Questa dinamica è particolarmente evidente in Sudan, che registra il saldo migratorio in assoluto più negativo (-589 mila persone), mentre Ciad e Sud Sudan hanno registrato saldi positivi nello stesso periodo (rispettivamente 100 mila e 425 mila). Lo stesso si può dire per Gibuti, Costa d’Avorio e Mauritania, che attraggono parte dei cittadini provenienti dalle aree di crisi vicine.
Nell’Africa meridionale, il Paese maggiormente recettivo è il Sudafrica (+807 mila), ovvero la prima economia del continente. Anche Angola, Botswana e Repubblica Democratica del Congo registrano saldi positivi, compensando le migrazioni dei Paesi dell’area orientale.
Gli slogan semplicistici.
«Il rapporto tra sviluppo e migrazioni torna periodicamente nel dibattito politico, spesso però con toni superficiali o slogan semplicistici (come “aiutiamoli a casa loro”, “è colpa della Francia”).
In realtà — scrivono i ricercatori della Moressa — la situazione è molto complessa: negli ultimi decenni, ad esempio, agli interessi delle tradizionali potenze occidentali si sono aggiunti nuovi attori come Cina e Russia e interessi privati (imprese multinazionali, che spesso hanno fatturati superiori al Pil di interi Paesi). Non solo.

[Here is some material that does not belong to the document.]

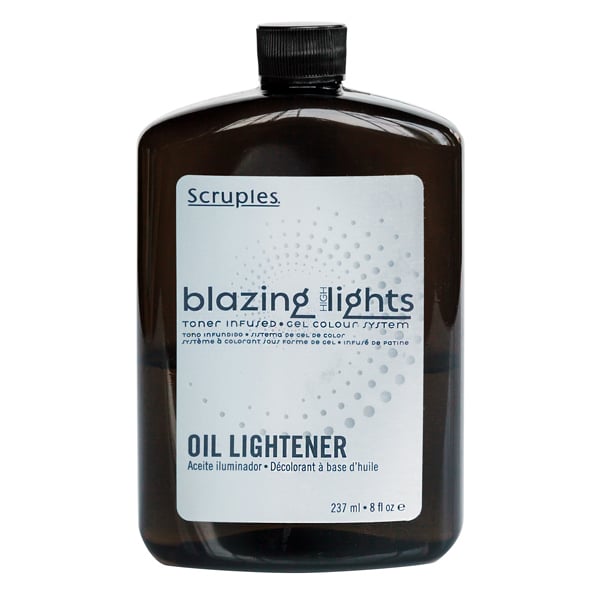 Scruples Blazing Highlights Toner Infused Gel Oil Lightener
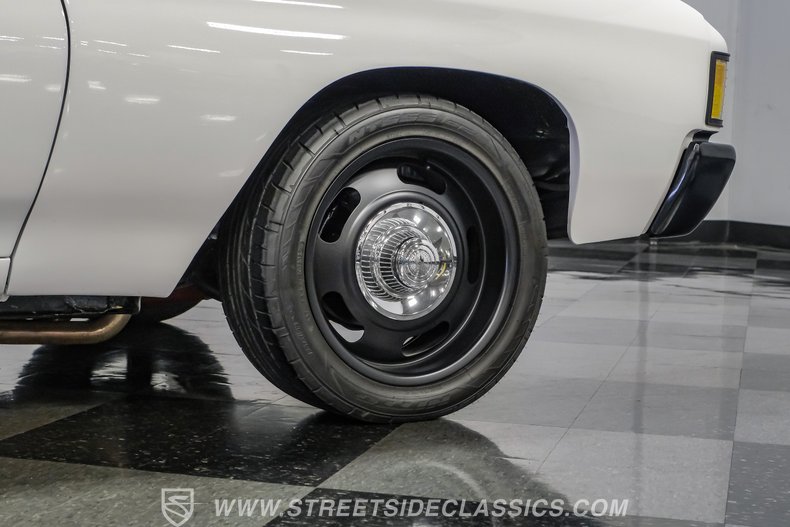 1972 Chevrolet Chevelle 74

Le migrazioni verso l’Europa sono solo una piccola parte dei flussi dall’Africa, che sono prevalentemente interni. I Paesi africani che attraggono immigrati non sono solo quelli più ricchi (come il Sudafrica): in molti casi i Paesi “riceventi” sono essi stessi poveri, ma vicini ad aree di crisi (Sud Sudan)».